Where a line in the records below includes "состоянии", pull that line out.
--- Records for this exercise ---
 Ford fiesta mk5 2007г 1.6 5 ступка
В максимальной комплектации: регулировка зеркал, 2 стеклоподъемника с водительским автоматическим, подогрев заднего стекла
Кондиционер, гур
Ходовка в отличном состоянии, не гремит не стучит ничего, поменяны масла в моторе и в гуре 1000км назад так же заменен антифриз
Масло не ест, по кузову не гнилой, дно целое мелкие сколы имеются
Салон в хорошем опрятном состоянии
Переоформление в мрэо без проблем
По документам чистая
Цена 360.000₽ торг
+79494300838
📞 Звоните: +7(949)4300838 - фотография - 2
---
--- Records for this exercise ---
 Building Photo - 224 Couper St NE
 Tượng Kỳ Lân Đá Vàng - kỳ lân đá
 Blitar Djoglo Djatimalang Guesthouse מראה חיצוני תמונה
---
Expected answer.
Ходовка в отличном состоянии, не гремит не стучит ничего, поменяны масла в моторе и в гуре 1000км назад так же заменен антифриз
Салон в хорошем опрятном состоянии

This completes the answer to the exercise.